• [What to produce]
The result should hold only the lines from the one with "Phylrich - STRIA" through the final line of the data below, transcribed exactly, pictures left out.

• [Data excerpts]

▼▼▼

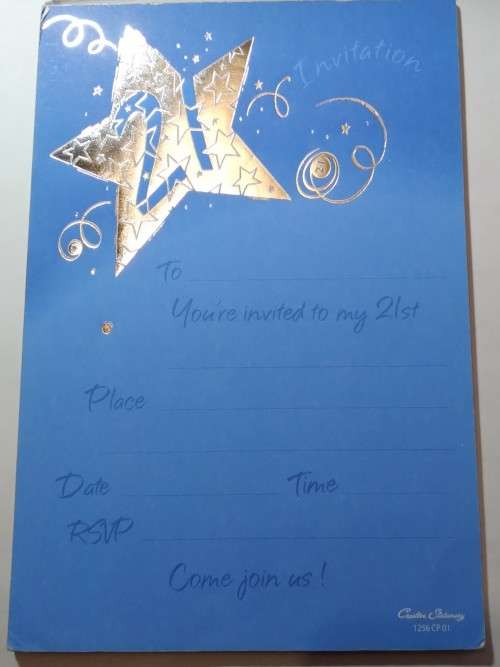 Unused - 21st invitations
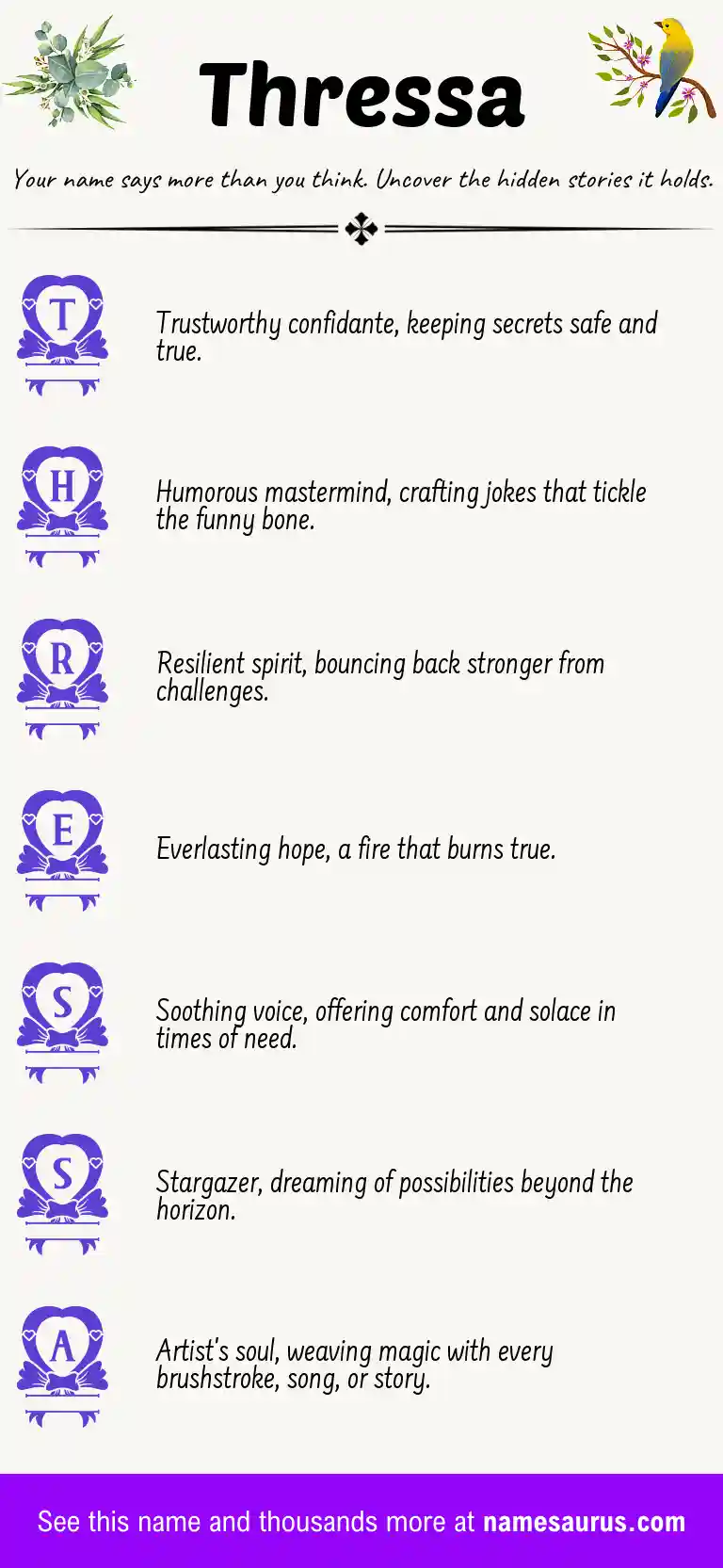 Acrostic poem about Thressa.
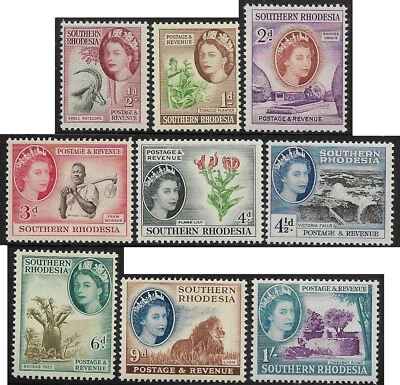 S Rhodesia 1953 part set 9 of 14 sg 78-86 MNH Pictorial Definitives - Image 1 of 2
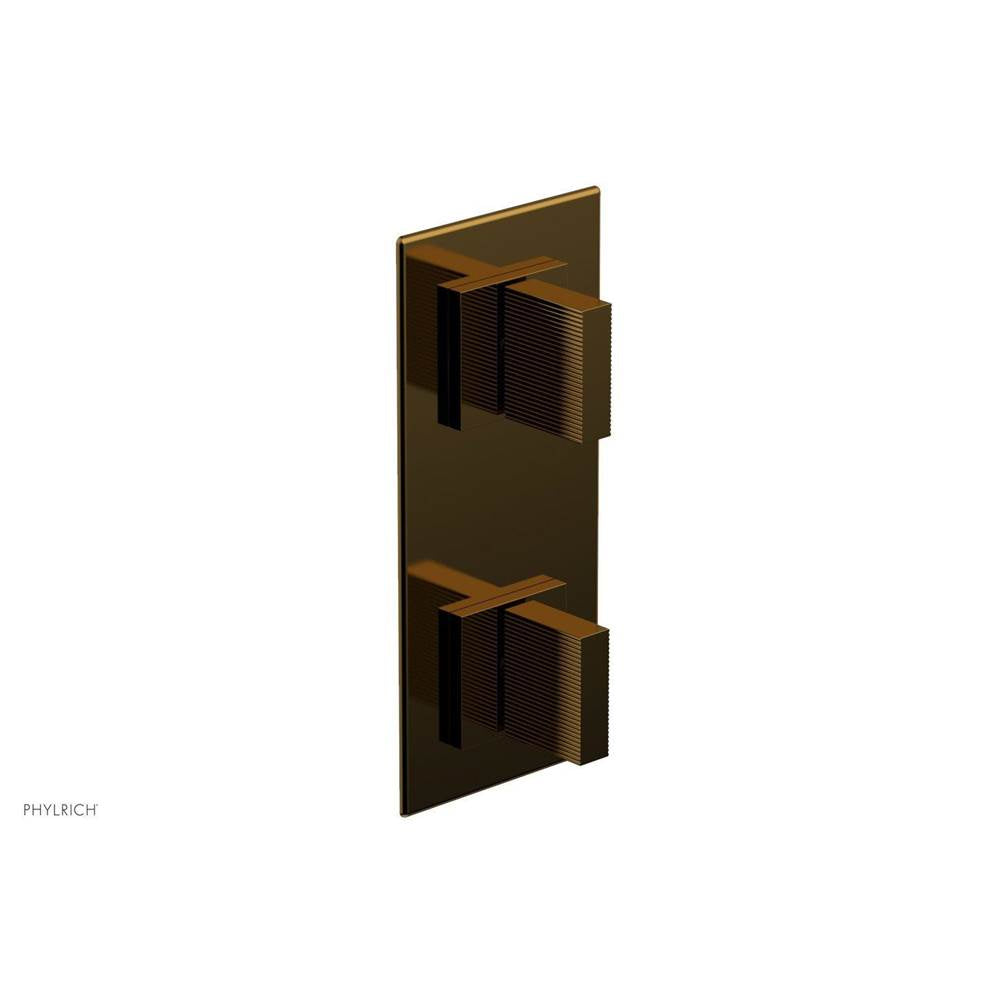 Phylrich - STRIA 1/2'' Thermostatic Valve with Volume Control or Diverter 4-125 - French Brass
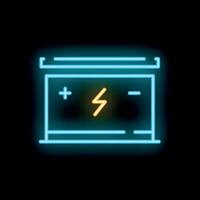 Glowing neon icon of car battery showing positive and negative terminals on black background vector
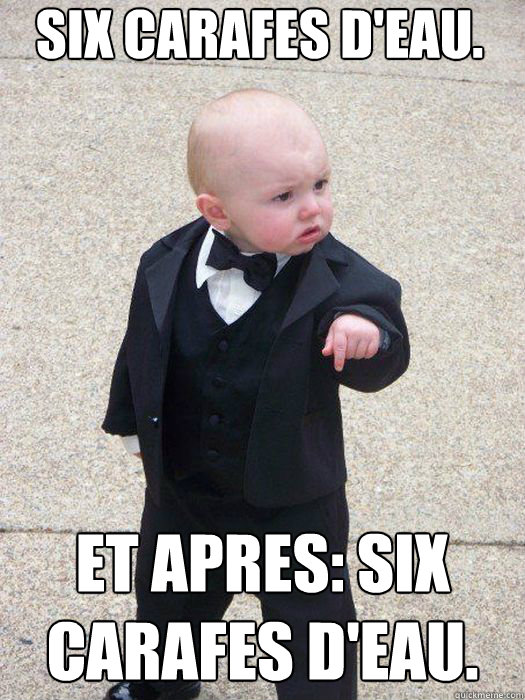 Six carafes d'eau. Et apres: six carafes d'eau. Caption 3 goes here - Six carafes d'eau. Et apres: six carafes d'eau. Caption 3 goes here  Baby Godfather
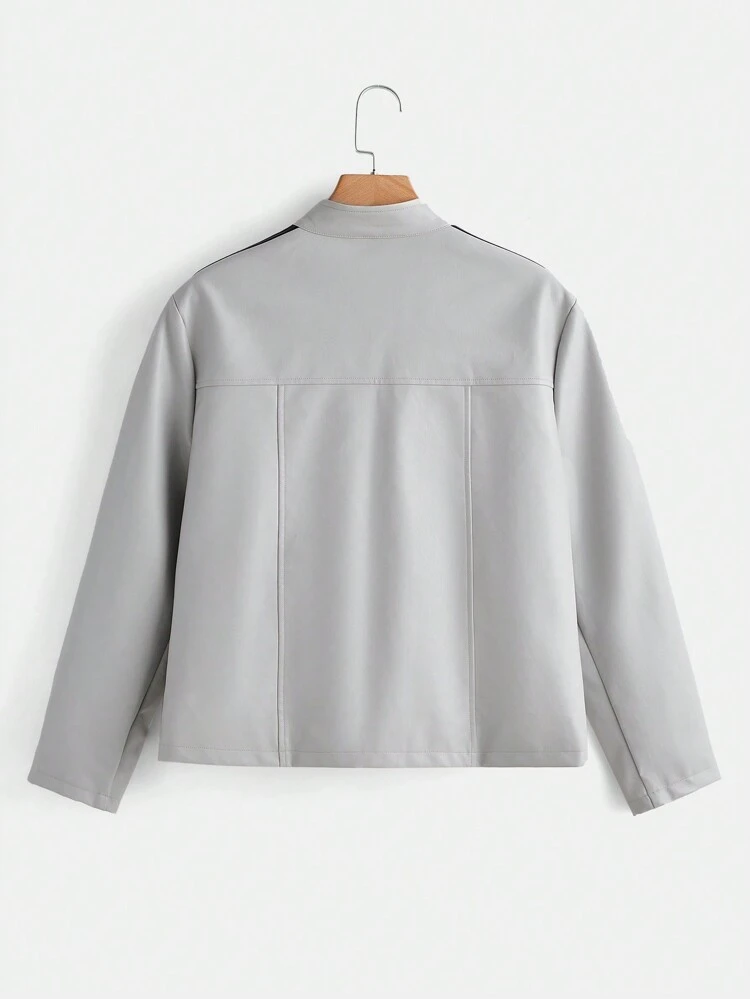 Plus Contrast Tape Zip Up PU Leather Jacket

▲▲▲

• [Exercise output]
 Phylrich - STRIA 1/2'' Thermostatic Valve with Volume Control or Diverter 4-125 - French Brass
 Glowing neon icon of car battery showing positive and negative terminals on black background vector
 Six carafes d'eau. Et apres: six carafes d'eau. Caption 3 goes here - Six carafes d'eau. Et apres: six carafes d'eau. Caption 3 goes here  Baby Godfather
 Plus Contrast Tape Zip Up PU Leather Jacket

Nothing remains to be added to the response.